▶ **Your task**:
An exact copy of the lines of the listing below between the "复古色，把照片调出港风味儿十" line and the "BTS Myanmar Fan Reaction Compilation" line, both included, is the whole answer; please omit the pictures.

▶ **Given information**:
[Start of Attachment]

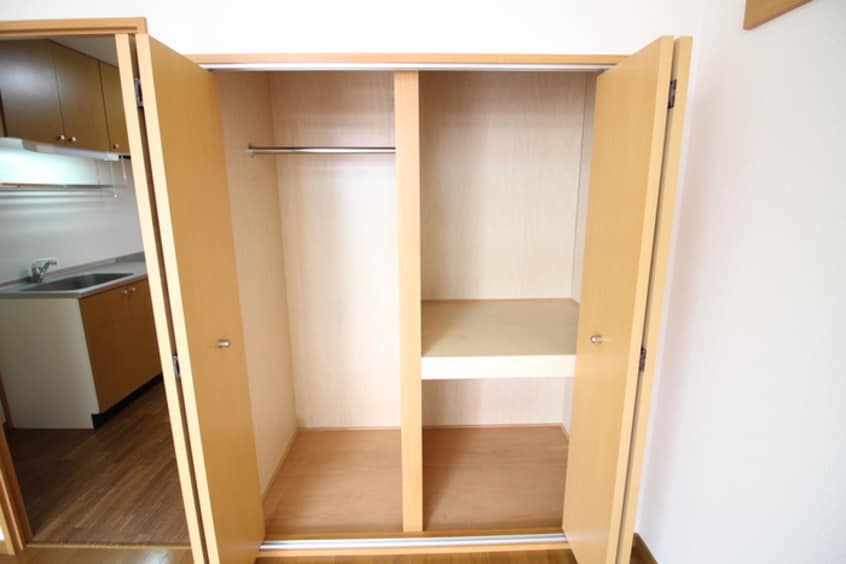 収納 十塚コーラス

[End of Attachment]
[Start of Attachment]

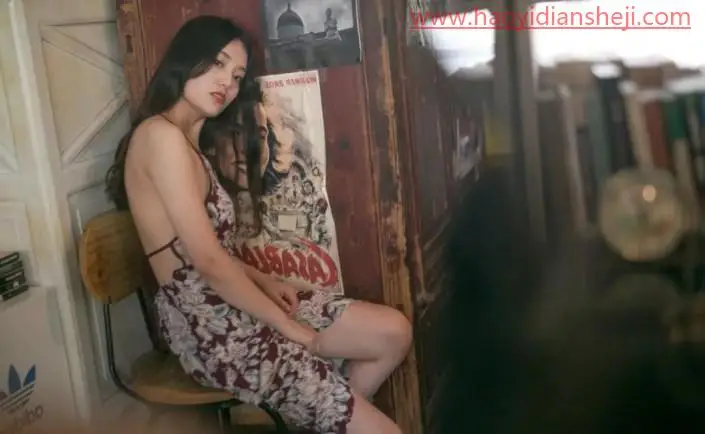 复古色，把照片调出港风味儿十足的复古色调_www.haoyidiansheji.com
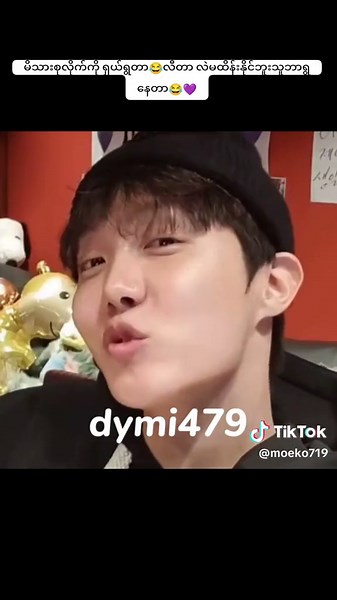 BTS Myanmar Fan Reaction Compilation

[End of Attachment]

▶ **Expected output**:
 复古色，把照片调出港风味儿十足的复古色调_www.haoyidiansheji.com
 BTS Myanmar Fan Reaction Compilation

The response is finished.